Book review: The Truthful Art by Alberto Cairo, and the Enduring Problem of Statistical Illiteracy
Apr 05, 2016
I have been looking forward to reading Alberto Cairo’s new book since he started teasing about it last year. I enjoyed his first book, The Functional Art, mostly because we share the desire to bring the design and the analytical schools of data visualization closer together. His new book, The Truthful Art, represents another step in this ambitious project, and I found much to like about it.
The Truthful Art is really two books for the price of one. There is one book about analytical thinking, and interspersed between these chapters, there is a short book about graphical design. The chapters on analytical thinking take readers--presumably many will be journalists--through the standard diet of statistics, from summary statistics (ch. 6) to distributions (ch. 7) to correlations (ch. 9) to sampling theory (ch. 11) to time-series data (ch. 8). Cairo also devotes some delightful pages to cognitive biases (ch. 3) and research design (ch. 4).
Readers meet these analytical chapters as if they are enjoying a chef’s tasting menu at a top-line restaurant. Small delicious bites of knowledge are served quickly, with the expectation that readers will pursue the advanced reading list, curated by the author and printed at the end of each chapter. Cairo’s love of reading bursts through the pages.
At various points, Cairo delves into equations. In a wise move to balance the book, and to keep readers awake (we all know how boring statistics is), he weaves in several chapters on basic graphical design. There are materials on chart forms (ch. 5), on maps (ch. 10), and on visual design (ch. 2, a nice summary of his previous book). My favorite is chapter 12, which is a kaleidoscope of data visualization projects, at once celebrating the vitality of the field, and revealing its unruly, sometimes clashing, strands.
A good book is one that leaves the reader with lingering thoughts that transcend its pages. The Truthful Art succeeds in this respect. The purview of this book intersects directly with several lines of my own work: on the ethics of data analytics, and the teaching of statistical reasoning.
In chapter 11, Cairo tells a story familiar to anyone who is paying attention to the current U.S. presidential elections. In some past elections, El Pais, a Spanish newspaper, published a headline proclaiming that "Catalan public opinion swings to 'no' for independence," when the margin of difference was well within the margin of error of the survey. Cairo complains about the misleading headline, and pointed out the need to look at the margin of error. It’s refreshing that a journalist points this out. I used to see this as a matter of statistical illiteracy, but now I see this as an ethical issue.
Let’s say a pollster runs a new poll every hour. Because the race is a deadheat, the hourly results would flip-flop, as if one were observing a sequence of coin flips.
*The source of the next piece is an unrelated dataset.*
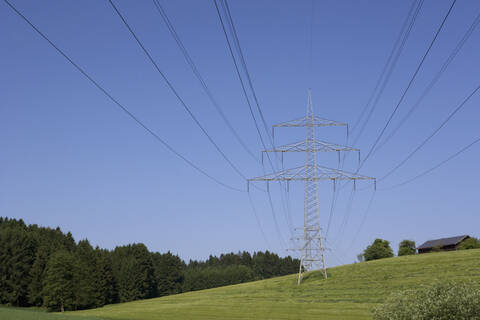 Deutschland, Bayern, Strommasten in der Landschaft, lizenzfreies Stockfoto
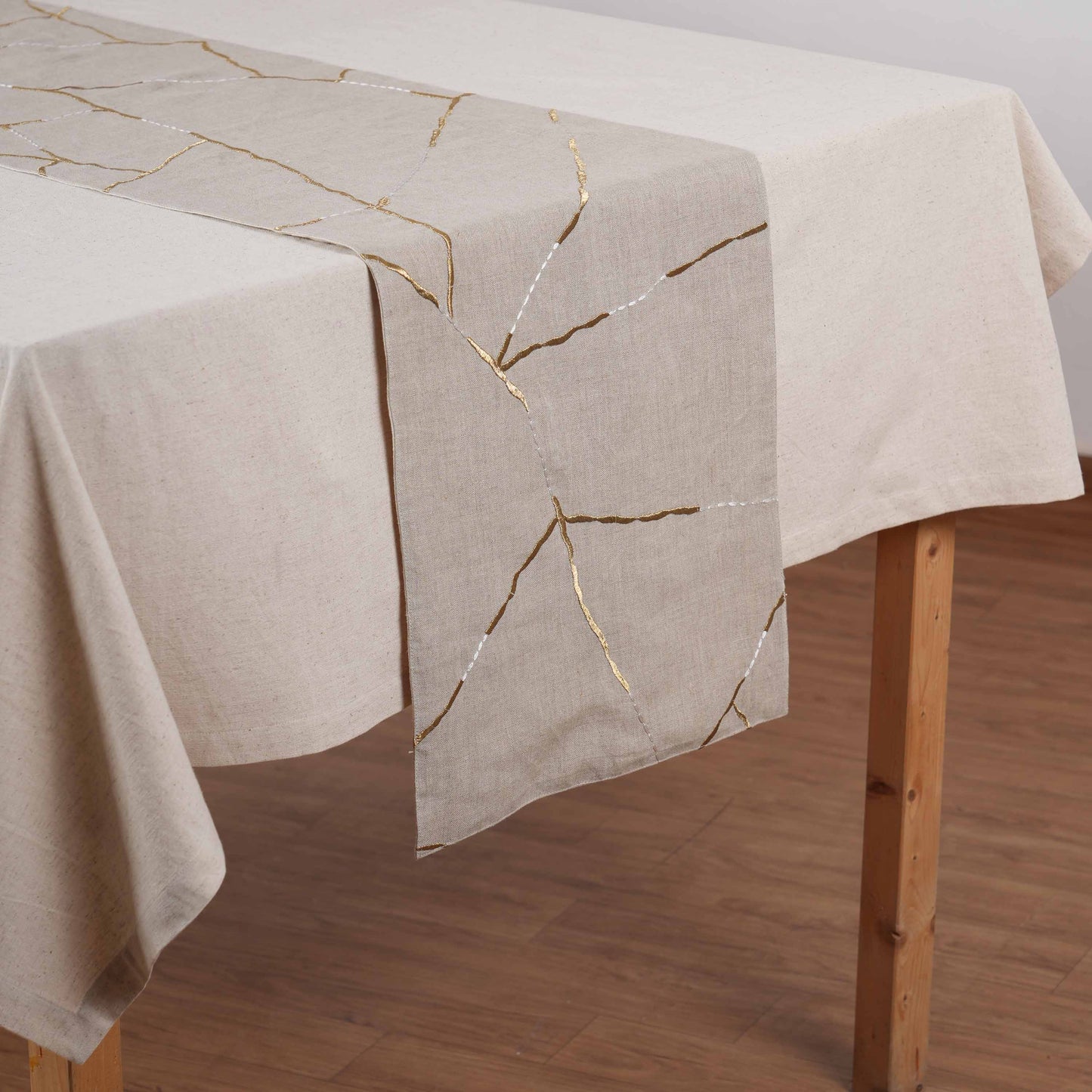 Kintsugi Linen Table Runner – Gold & White Silk Embroidery Japanese Inspired Décor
A journalist would report the sequence as A, A, B, A, B, B, A, … while a statistician would write down tie, tie, tie, tie, …. Notice how boring this last sequence is, despite it being more truthful. I don't believe that journalists report the horse-race because of ignorance of margins of errors--they just choose to ignore them.
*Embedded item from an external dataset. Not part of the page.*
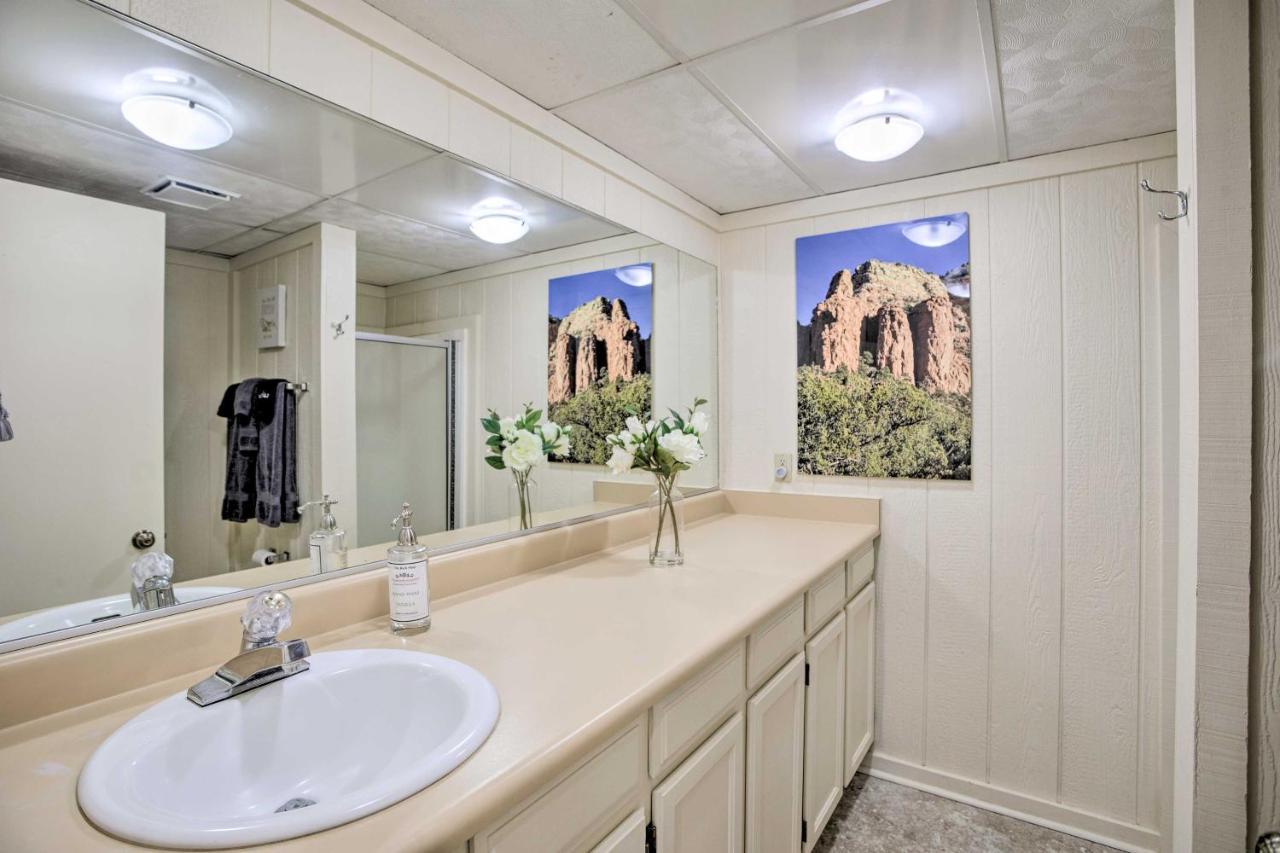 Sedona Hideaway With Swim Spa And Private Tavern! Esterno foto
Readers of my blogs and books know what I am about to say about the teaching of statistics. Cairo follows a conventional approach, even including some equations, in an otherwise very readable account. The convention is the “how-to” approach that assumes learning comes from knowing formulas. It’s also an approach that has earned statistics departments at all universities a reputation of being uninspiring and obtuse.
Take hypothesis testing and p-values for example. Cairo’s account is more readable than most textbooks but at heart, it is a step-by-step manual for how to do hypothesis testing. To me, this method of instruction solves the wrong problem. The real issue is whether journalists are equipped to separate the wheat from the chaff when they read peer-reviewed journal articles, all of which use conventional hypothesis testing and attain p < 0.05. There are many things in life we learn to use without knowing any formulas. We learn to use a smartphone app without knowing how to code an app. We learn to ride a bike without having to learn mechanical engineering formulas.
These comments are not a specific criticism of Cairo’s project. I leave them here to encourage some creative thinking around the problem of statistical illiteracy that seems to never go away. I’m suggesting two shifts: from a set of formulas to a system of thinking; from imparting knowledge to promoting ethics.
Cairo’s book is an important contribution to bringing together the design and analytical perspectives on data visualization. He is an entertaining and lucid writer and thinker. Since he does not have mathematical training, he is able to explain the analytical materials in a way that would make sense to readers with non-technical backgrounds. So I highly recommend that you get a copy, get hooked, and do the advanced reading.
The reaction to the Australian unemployment figures http://www.abs.gov.au/ausstats/abs@.nsf/mf/6202.0 always amazes me. To a statistician they have a fairly obvious 95% CI of +/-0.2 pp, so they vary about 0.1 to 0.2 per month, occasionally more, but it is purely sampling variation. It takes at least 3 months, maybe more, of data before it is obvious what is happening in the economy. Even economists who you would hope would understand can't seem to understand this.
This graph will be updated, but if your looking at the February 2016 one, it is going down because of a massive property bubble. Something that economists can't understand either.
There really needs to be better understanding of sampling variation. A general course on statistics would work well without any hypothesis testing, only descriptive statistics and confidence intervals. Simulation could be used to explain the concepts.
Posted by: Ken | Apr 07, 2016 at 01:22 AM
Very interesting view. When you speak about ethics, my first thought goes to this video: https://www.youtube.com/watch?v=jWmUnU7HS-I (see in particular the animation at 1:20). It's a curious coincidence (really?) that I am the second reader who cited statistics about unemployment.
Posted by: Antonio | Apr 19, 2016 at 03:52 PM